2008-09-20 Thread Rogelio
Butch Evans wrote:
 In the deployments I've done with similar designs, most are running 
 fine, still.  There is one instance where the original design needs to 
 be redone because the parameters I was given were WAY under what they 
 ended up with.  I was given a total number of hosts to be 50 and they 
 now are running with 360+ hosts.  YIKES!  Either way, I have used VLAN 
 for this type of thing, L2TP and even (only once) EoIP.  All 3 do what 
 we needed to do, so the design choice you mention should hold up well.

Not a problem on the BelAir units.

There are two cool features on the BelAir units that I use to filter out 
crap traffic at the layer two level.

(a) secure port mode: once enabled, prevents wireless clients associated 
with different APs from communicating with each other
(b) wireless bridging: once disabled, wireless clients on an AP cannot 
talk to other wireless clients on that same AP (they can only go OUT to 
the Internet).

When I want everything ona big flat network and don't want to properly 
VLAN everything, then I just  (a) enable secure port mode and (b) 
disable wireless bridging.

The commands for each are as follows:

(a)/interface/wifi-n-1/setssidssid_index secure-port enabled
(b)/interface/wifi-n-1/setssidssid_index wireless-bridge disabled

I know BelAir admins who have *giant* flat networks out there 
(seriously, like 10x bigger than any of my networks) with just these two 
settings, and they can take enormous layer 2 traffic pounding in 
broadcast traffic without missing a beat.
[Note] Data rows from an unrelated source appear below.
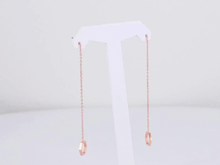 画像をギャラリービューアに読み込む, ESS645 STAINLESS STEEL EARRING WITH HEXAGON AAB CO..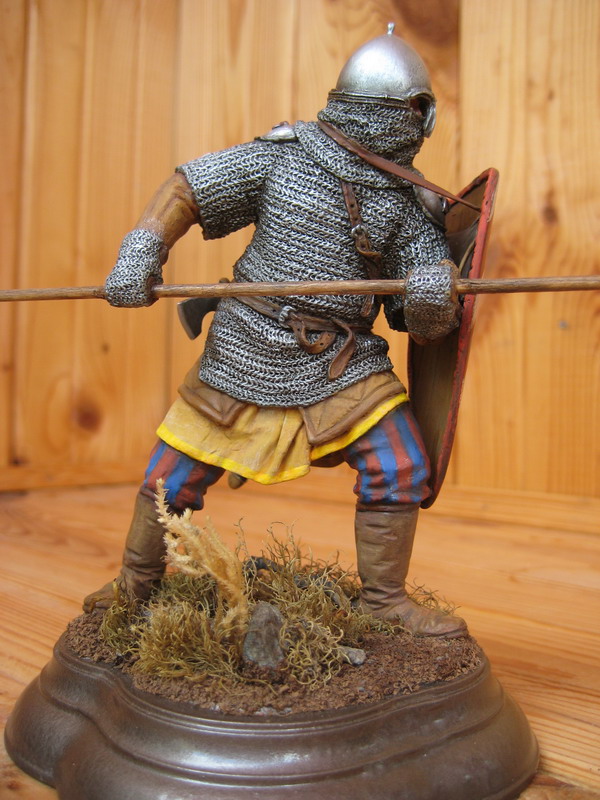 Figures: Russian warrior, XIII century, photo #6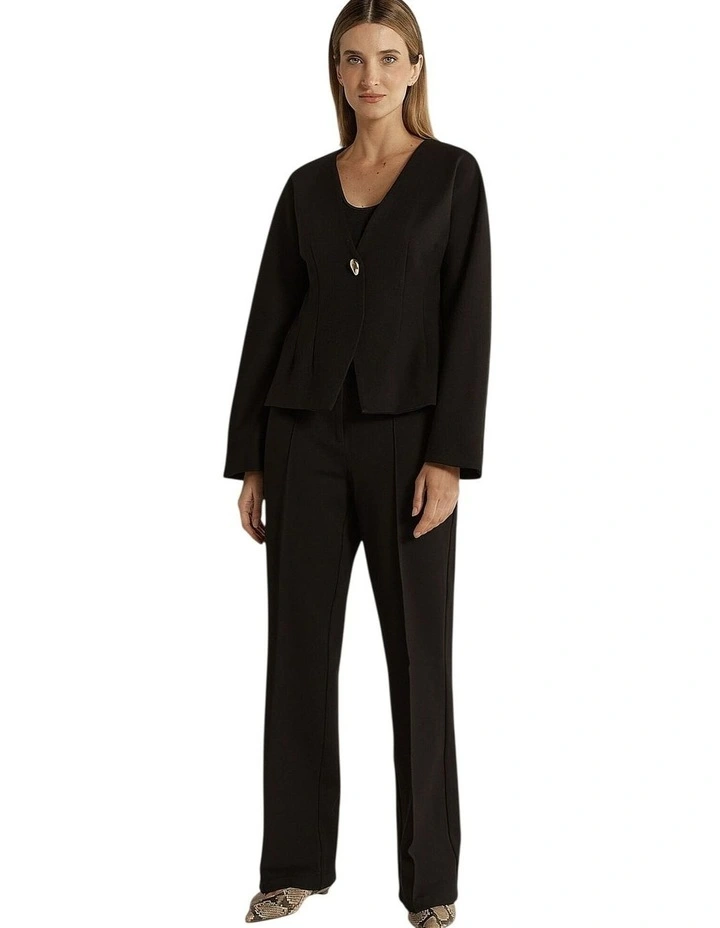 Pia Ponte Jacket in Black image 4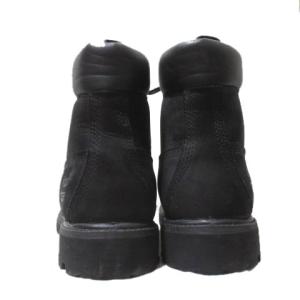 Timberland 10073 ブーツ プレミアム ウォータープルーフ レザー 黒 ブラック 9.5 27.5cm X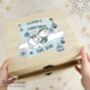 Personalised The Snowman And Snowdog Wooden Christmas Eve Box, thumbnail 1 of 3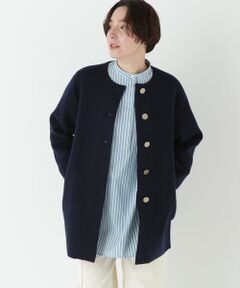 human woman / ヒューマンウーマン アウター | ◆接結ニットコート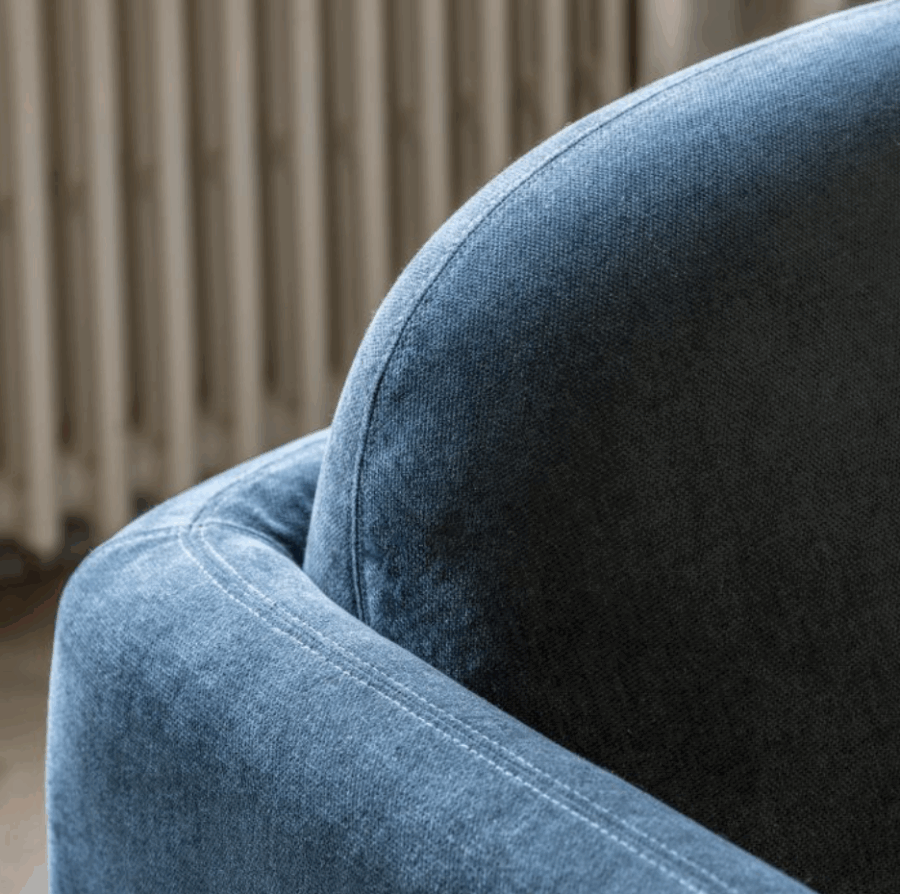 claris sofa blue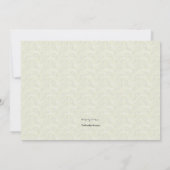 Stork ist auf dem Weg Gender Reveal Baby Dusche Einladung (Rückseite)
If, however, I'm just itching to VLAN tag everything I might consider 
doing something like the following:

(1) on my router, associate IP addresses with these VLAN tags. These, of 
course, will be separate broadcast domains:

e.g.

VLAN 1: 192.168.1.0/24
VLAN 2: 192.168.2.0/24
VLAN 3: 192.168.3.0/24

(2) assign two SSID to every BelAir AP, one hidden and one visible

(3) on whatever arbitrary groups of hidden SSID tags for each BelAir 
access point, I assign a VLAN ID tag

e.g.

AP1-AP5: CityWifi (hidden) - VLAN 1
AP6-AP10: CityWifi (hidden) - VLAN 2

Etc, etc

(4) And on *all* the visible roaming ones, I assign ONE VLAN tag.

AP1-AP10: CityWifi-roaming (shown) - VLAN 3

Step (3) ensures that broadcast traffic (say those who are connected via 
Ruckus) only affects the VLAN assigned to that group of APs; step (4) 
assures that people running around the neighborhood don't lose 
connectivity (i.e. their IP address doesn't change, even when they 
switch from AP to AP, they keep their same 192.168.3.0/24 address).

Planning out these steps are more time intensive than just writing those 
other two commands on the BelAir units. However, they really give you a 
lot more flexibility and control on your network, which you may want at 
a later time...

 My only advice is to watch the number of hosts that will sit on a 
 bridged segment, ESPECIALLY the wireless portion of that segment. 
 Wireless is not always as forgiving or bad network design choices as 
 hard wired ethernet.  :-)

Do you have these features on other wireless solutions that you deal with?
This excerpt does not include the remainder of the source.